When searching for weaknesses in an algorithm, first look at the problem in detail and think about what issues/difficulties may occur when solving. Second, systematically cover all possible inputs, including small, extreme, and tie input.

If incorrectness is not found in an algorithm, proof of the correctness of the algorithm is still required.

### Proof of correctness

**Mathematical induction** is a proof technique which can be used as proof of the correctness of an algorithm.
It involves proving a base case and then assuming it is correct up to a value.
Induction has the following steps:

- proved a formula for a base case, such as 1
- assume the formula is correct up to
`n - 1`

- show the formula is correct for
`n`

**Recursion** is similar to mathematical induction and has the following steps:

- the recursive case breaks the problem down into smaller sub-problems
- the base case stops the recursion and returns a value
- show that the algorithm is correct for the case
`n`

## Modeling a problem

Algorithms are designed to work on rigorously defined abstract data structures, discussed below. Therefore, when describing a problem, it must be done abstractly, such that it becomes a sequence of transformations on abstract data structures.

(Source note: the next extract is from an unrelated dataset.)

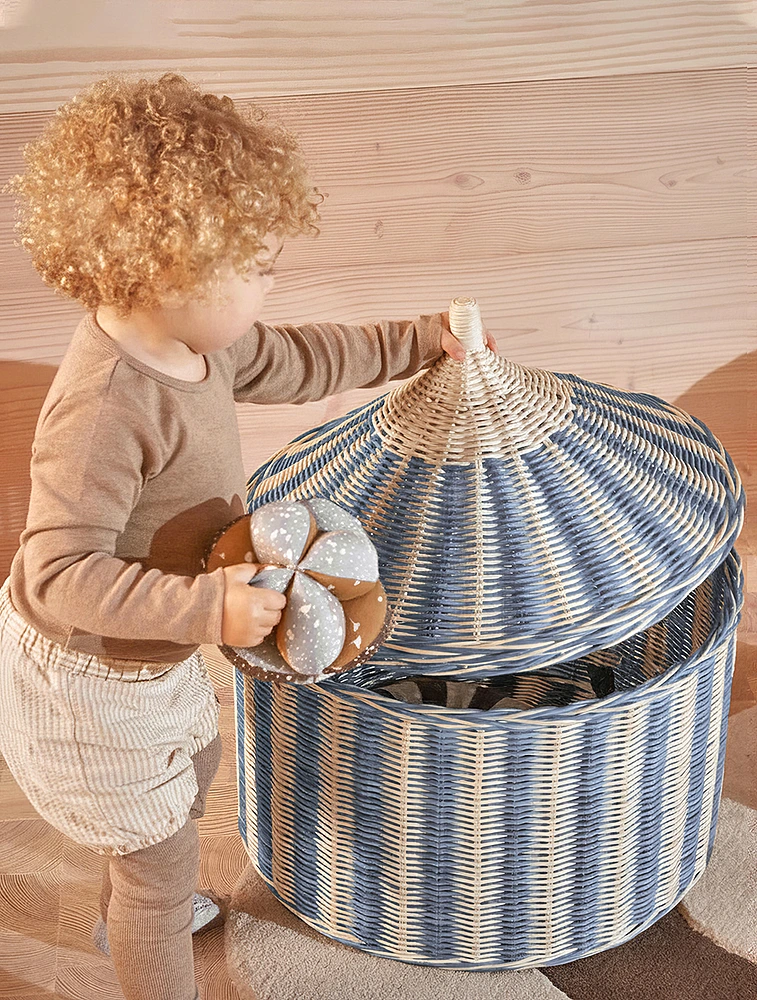 Набор из 2 корзин для хранения Circus от OYOY Living Design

The following sections discuss the different abstract data structures that are available.

#### Combinatorial objects

The following are common data structures:

- permutations - arrangements/orderings of items, e.g. {1, 3, 2, 4}
- subsets - a selection of items from a set of items
- trees - hierarchical relationships between items
- graphs - relationships between arbitrary pairs of objects
- points - locations in a geometric space
- polygons - regions in a geometric space
- string - sequences of characters/patterns

#### Recursive objects

Recursion involves the combination of a set of smaller items, resulting in a larger item. The abstract data structures discussed above can be handled recursively, shown below:

- permutations - removing an element results in a permutation with
`n - 1`

elements - subsets - removing an element in subset results in a subset of
`n - 1`

elements - trees - the combination of nodes, smaller items, results in a larger tree, larger item
- graphs - the combination of nodes results in a larger graph
- points - points can be combined into a larger set or broken down into smaller sets
- polygons - similar to the points object
- strings - the characters of a string can be combined to produce a larger string

Recursive objects require the decomposition rules, and base cases. Decomposition rules describe how a recursive object may be broken down into a smaller object, and is known as the recursive case. Base cases define the smallest object that can be achieved from a recursive object, and results in the decomposition of the object terminating.

Further discussion about recursion can be found on my post Notes on Recursive Algorithms

## Conclusion

This post briefly looked at algorithms, firstly what they are and how they can be used to solve problems by transforming given input to a required output. Secondly, how to prove the correctness of an algorithm was discussed, including tools and techniques that can be used. Finally, the reasoning for modeling a problem abstractly so that an algorithm can perform transformations on abstract data structures was presented.

These notes where prepared from the book “The Algorithm Design Manual” by Steven S. Skiena. This book provides an excellent starting point for understanding algorithms and how they work. You can find the book over at the Springer website.